So far, studies on the impact of insecticide resistance on malaria vectors longevity have focused on four species: An. gambiae, An. arabiensis, An. coluzzii and An. funestus. Globally, the findings revealed a pleitropic effect of insecticide resistance on mosquito lifespan [33, 96,97,98,99,100,101,102,103,104,105,106,107,108] (Table 2). The majority of studies (10/14) which used laboratory strains showed that pyrethroid resistant An. funestus and An. gambiae live longer than susceptible ones [100, 106]. Of the studies including field strains, a longer life span was reported in organochlorine and pyrethroid resistant An. funestus strains [104, 105]. In contrast, a shorter life span was observed in An. gambiae strain resistant to organochlorine. It was reported that pre-exposure to insecticide in a manner micmicing field exposure to insecticides, affects the longevity of insecticide resistant An. gambiae strain [97], and that delayed mortality observed in the vectors may be dependent on resistance intensity [98]. This later observation indicates that findings obtained with laboratory colonies are to be taken with caution given that they may not reflect exactly what is oberved on the field [26]. Nevertheless, such studies remain important as they contribute to the understanding of the potential mechanisms affecting the vectors’ longevity [109, 110], notably resource-based trade-off and oxidative stress.

Table 2 Summary of studies assessing the impact of insecticide resistance on the longevity of malaria vectors

Resource based trade-off is an evolutionary ecology concept that states that when environmental constraints lead to the augmentation of resources to one biological trait, other traits will have their energy budget reduced [111]. Accordingly, when mosquitoes adopt the detoxification mechanism to prevent the effect of insecticide, an increased production of detoxifying enzymes follows and is maintained by the additional resources deployed for the function. Otali et al. [100] have demonstrated that metabolism and longevity of insecticide resistant An. gambiae are lower than that of the susceptible strain. Moreover, they showed that the resistant strain has higher Reactive Oxygen Species (ROS), which are factors determining oxydative stress. In fact, the ROS are multifunctional molecules produced by cells of all organisms during normal metabolism [112, 113]. They have been pointed out as key aging factor in other organisms including Anopheles [114]. Therefore, mosquitoes that develop the capacity to cope with oxydative stress are likely to live longer. Oliver and Brooke [103] in an experiment evaluating the effect of oxidative stress on the longevity of both An. arabiensis and An. funestus bearing respectively kdr and Cytochrome P450 mechanisms demonstrated that these species live longer, and that Cytochrome P450 activity seems more protective against oxydative stress.

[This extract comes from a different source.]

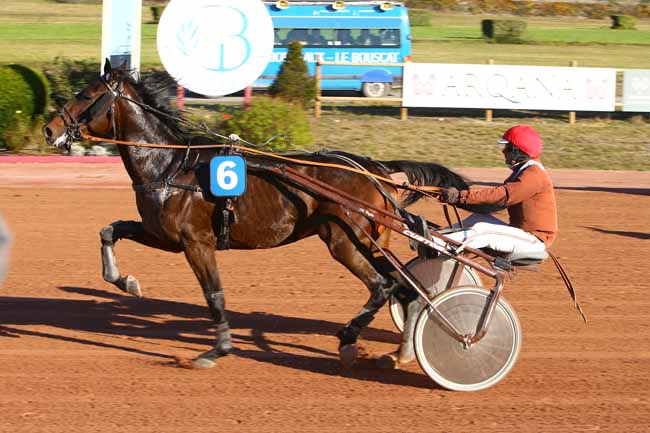 Photo d'arrivée de la course pmu PRIX MOET ET CHANDON (GR A) à BORDEAUX-LE BOUSCAT le Mardi 14 novembre 2017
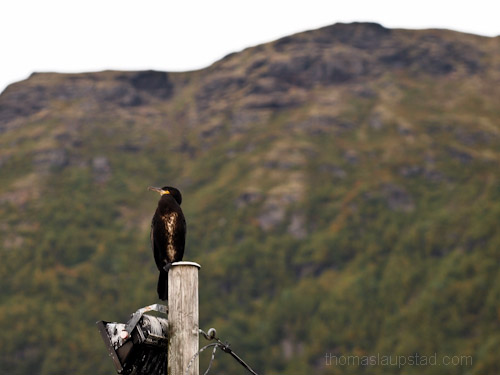 Picture of Great Cormorant (Phalacrocorax carbo) sitting on lamp post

Rivero et al. [26] proposed the potential effect of different detoxifying enzymes on vector longevity. For example, Glutathion S-Transferase is considered to protect against oxydative stress. Confirming this point, a longer lifespan implicating Glutathion S-Tranferase in An. funestus was revealed with and without exposure to insecticide [104, 105]. In contrast, monoxygenase, known to be associated with an increase in oxydative stress has not led, as expected, to reduced longevity in An. funestus [108]. More studies using field populations and micmicing field conditions are necessary to ascertain the full impact of insecticide resistance on longevity of the malaria vector.

Conclusion

The need for a comprehensive understanding of the impact of insecticide resistance on malaria vector competence is unquestionable. The current state of knowledge is not only insufficient but also contradictory to draw a definitive conclusion. A tendency nevertheless emerges from findings that insecticide resistance may increases the infectivity of malaria vectors to Plasmodium, thus their vector competence. This is possibly due to changes in the expression of some genes notably those involved in blood-feeding and the immunity. Additionally, microbiota communities vary in the resistant mosquitoes as compared to the susceptible counterparts. The actual effect of these changes in the course of infection and their impact on the infectivity of malaria vectors to P. falciparum is still to be investigated. Finally, the longevity of the vectors is not always affected by insecticide resistance mechanisms. It is worth noting that, studies using vectors displaying metabolic resistance were under-represented because molecular markers to diagnose this character were developped only recently, especially in An. funestus. Malaria vectors that bear metabolic resistant mechanism are, on an ecological immunology point of view, expected to have a number of biological functions impaired, including immunity. If established, this situation may cause them to become less refractory to Plasmodium infection. Taking advantage of recent advances in the genomics, transcriptomics and molecular characterization of insecticide resistance, more refined studies can now be undertaken to fill knowledge gaps regarding the effect of insectide resistance on key determinants of vectorial competence and subsequently predict changes in the epidemiology of malaria in a context of insecticide resistance escalation.

Availability of data and materials

Not applicable.

Abbreviations

DDT:

Dichloro-diphenyl-trichloroethane

GST:

Glutathione S-transferases

kdr:

Knock down resistance

LPS:

Lipopolysacharide

PO:

Phenoloxidase

Vgsc:

Voltage gate sodium channel

References

  1. WHO. A global brief on vector-borne diseases. Geneva, World Health Organization; 2014.

  2. Gelband H, Panosian CB, Arrow KJ. Saving lives, buying time: economics of malaria drugs in an age of resistance. 2004.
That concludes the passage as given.